İnsan bir başkasını neye incitir? Maalesef insanlığın problemi birbirini incitmek ve birbirinden incinmek… İnsan geleceği bilemez. Öngörüde bulunur. Tasavvur eder. Tevekkülle tedbirini alır. Hayatı planlı, programlı yaşar. İnsanın amacı gelişen hamlelerle daim ileriye olmadıkça madun yaşama mahkûmdur. Malum, madun toplumlar sömürgecilerin esaretinden kurtaramazlar. Allah’ın kendisini münzevi hayat sürmesi için yarattığını zanneden insan yanılgıdadır. Toplumsal hayat mühim… İnsanın değeri toplumsal yaşamda ortaya çıkar

Ağaçtaki yapraklarda, yağan yağmurlarda, esen rüzgârlarda gördüğüm biri diğerinin hegemonyasına girmeden kendi liyakatince vazifesini ifa şuurunda… Fatır suresinde Allah, insana: “…Allah’ın kanununda sapma olmaz… Yeryüzünde dolaşıp kendilerinden öncekilerin akıbetlerinin nasıl olduğuna bakmazlar mı?” buyuruyor.

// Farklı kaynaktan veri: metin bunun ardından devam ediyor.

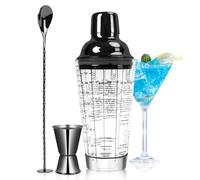 SAVORLIVING Ensemble de gobelets à Cocktail en Verre de 14 oz, Mélangeur à Margarita avec passoire, Jigger et cuillère à mesurer, Set de Bar Professionnel pour Barman et débutants (Noir, 3pcs)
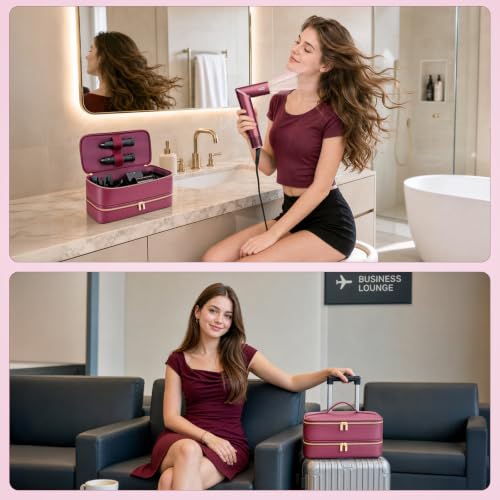 Image of Travel Hair Dryer Case for Shark Flexstyle, Double-Layer Carrying Case for Shark Flex Style Blow Dryer, Portable Hair Tools Storage Organizer Bag for FlexFusion Beauty Hairdryer Attchments (Cherry)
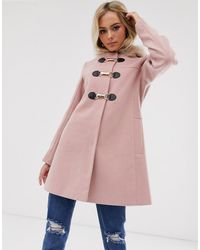 ASOS Duffle With Swing Skirt And Metal Work Coat In Pink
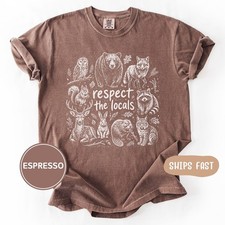 Wildlife Graphic Tee Nature Lover Respect The Locals Vintage Style Men  Women
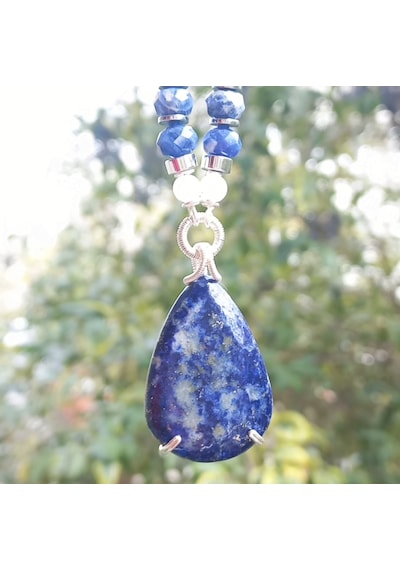 1609 Lapis Lazuli El Yapımı Kolye Altın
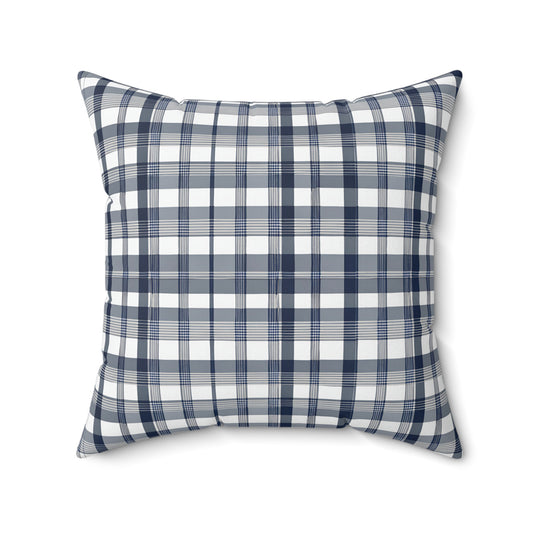 Blue White And Grey Plaid Decorative Throw Pillow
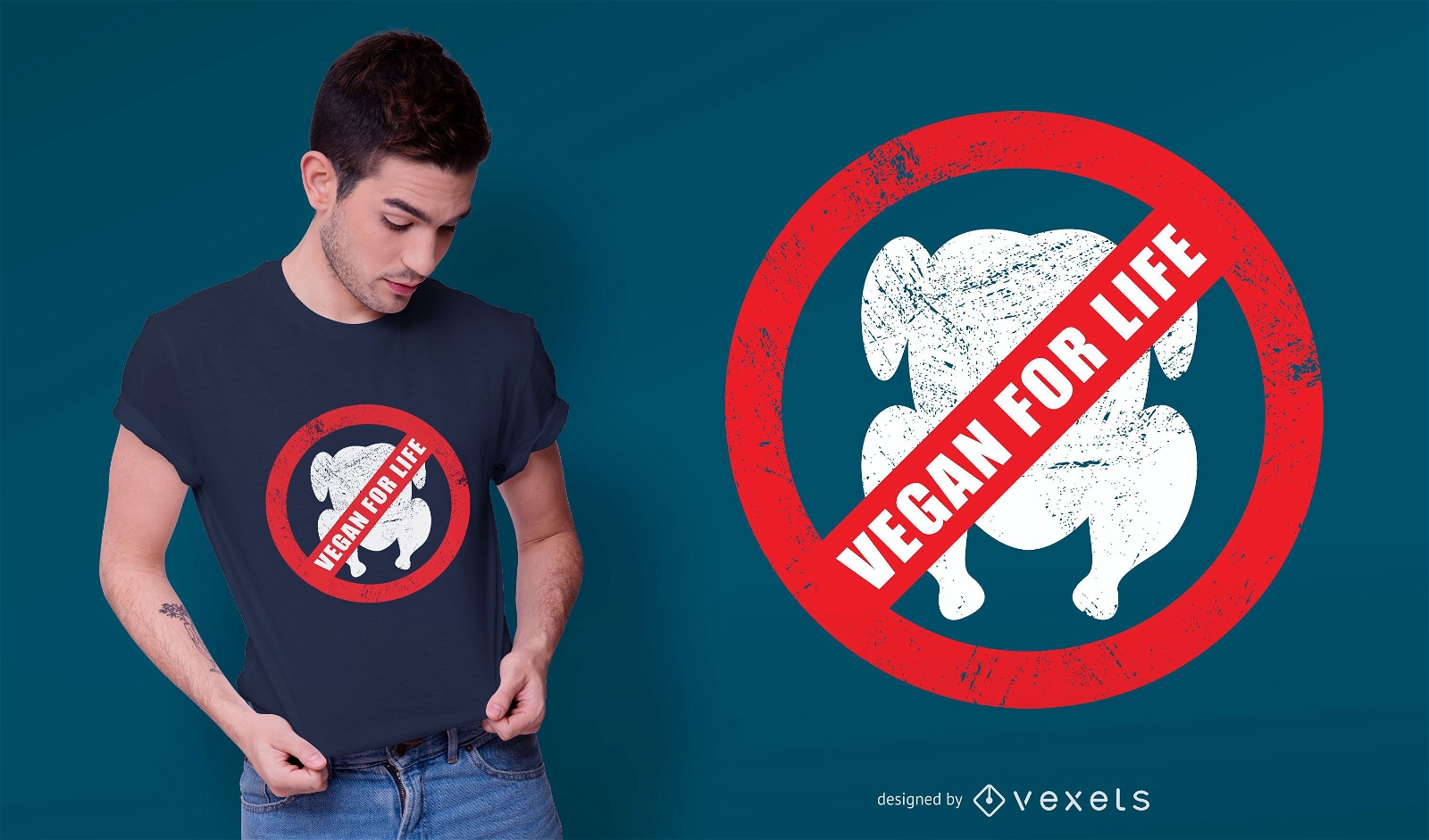 Vegan f?rs Leben T-Shirt Design
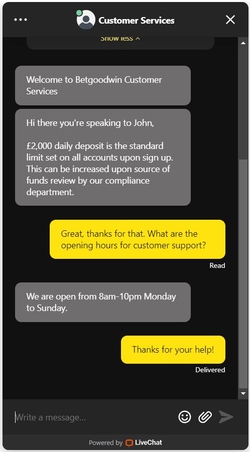BetGoodwin Customer Support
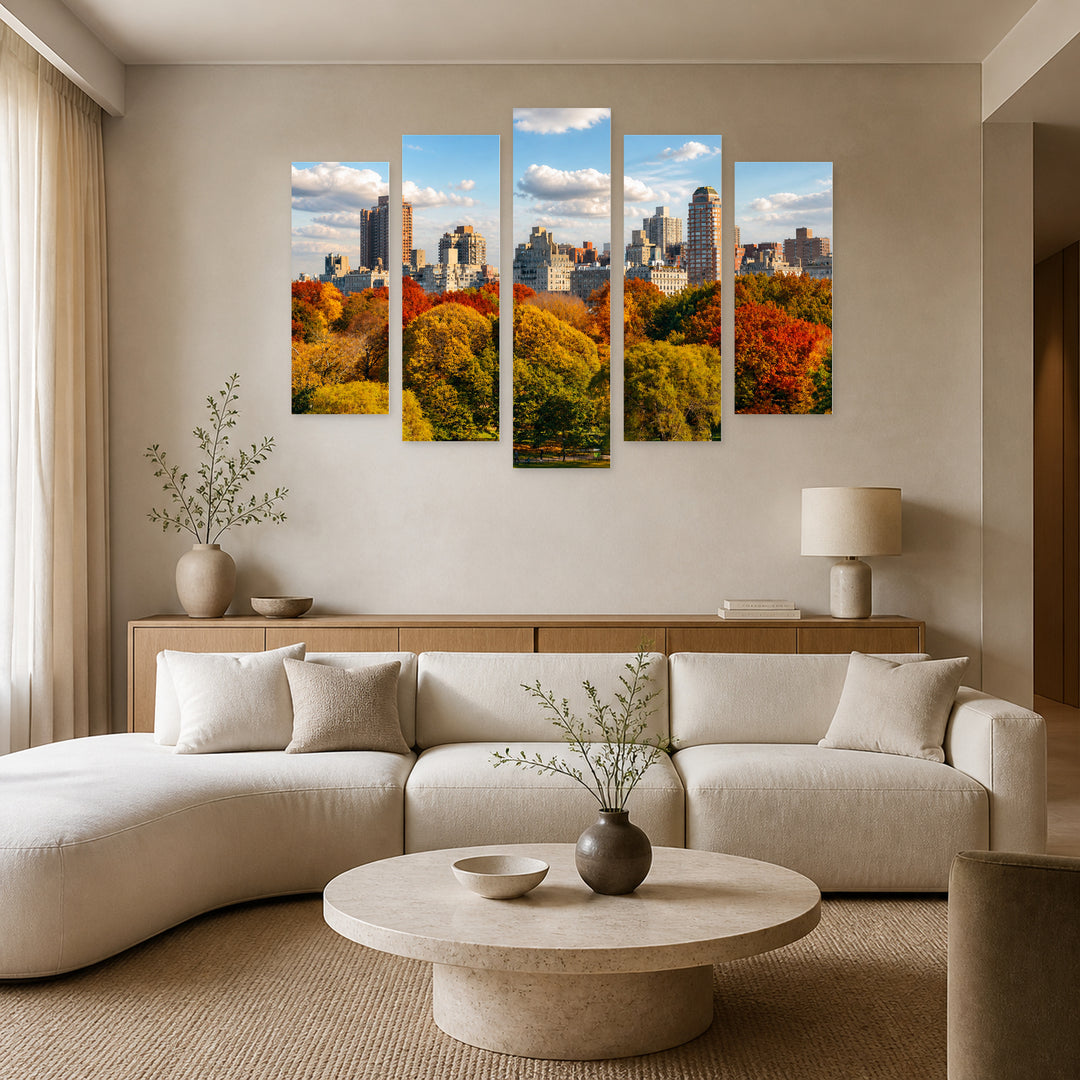 Autumn in Central Park with Dreamlike Atmosphere — five-panel wall art in frontal interior | 5wallart 52063 M3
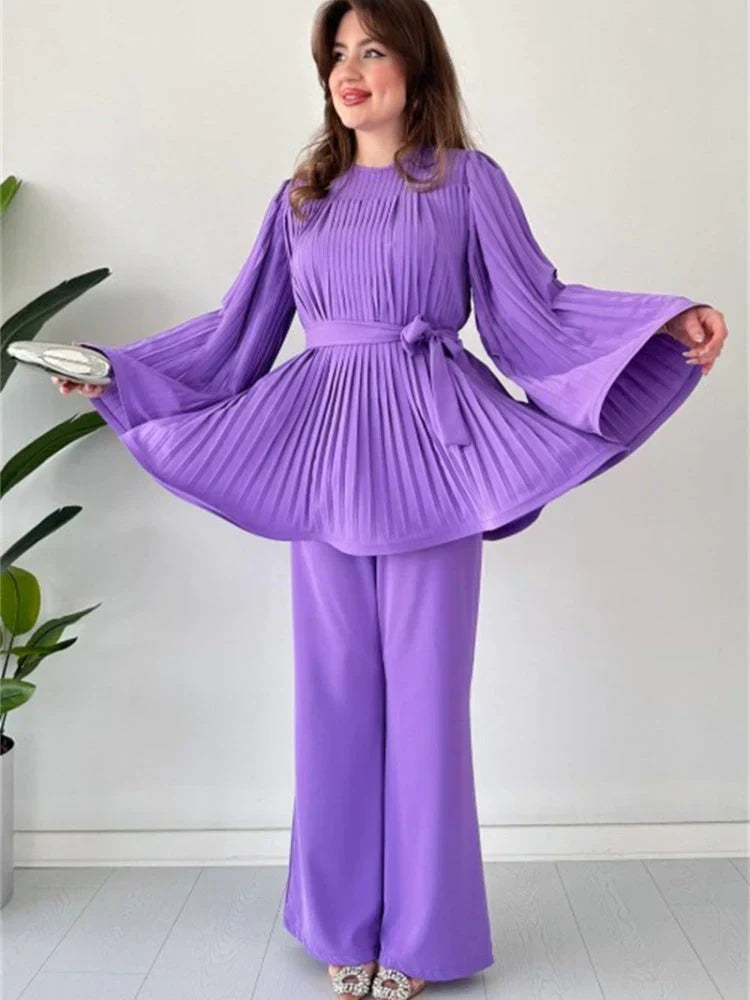 Women’s Pleated Belted Top and Wide-Leg Trouser Set – Elegant Two-Piece Outfit with Flowing Bell Sleeves for Work and Special Occasions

Gök, yer, ay ve güneş müzevirlik, mürailik yapmadan, tuzak kurmadan hakkınca görev yapmaktalar. Madun insanlar duyguları, emekleri sömürülmeye müsaittir. Hakkaniyeti hayata geçirecek bilgi ve becerileri cılızdır.  Madunalar, bal arısının kendini ifade ettiği kadar kendilerini ifade etmekten acizdirler. Onlar hurafeyi kutsal bilirler. Hurafenin en yaygın olduğu alanlar madun toplumlardır.

Yaradanın insan yüklediği sorumluluk günün bir önceki gününden daha müreffeh, daha aydın, daha bilgili, daha ilgili, daha ilkeli, daha becerili, daha duyarlı ve daha başarılı olmak sorumluluğudur. Müslümanın sınavı iyilikle behemehâl olup kötülükten uzak durmakladır. Amentüye inandım diyen güneşin doğuş ve batışından, akıp giden bulutlardan, çakan şimşeklerden ders çıkarıp kendisine yön veren Müslümandır. Kur’an, Müslümanın ayı ve güneşi gibidir. Gören göze, anlayan akla olguların her biri birer ders değil mi?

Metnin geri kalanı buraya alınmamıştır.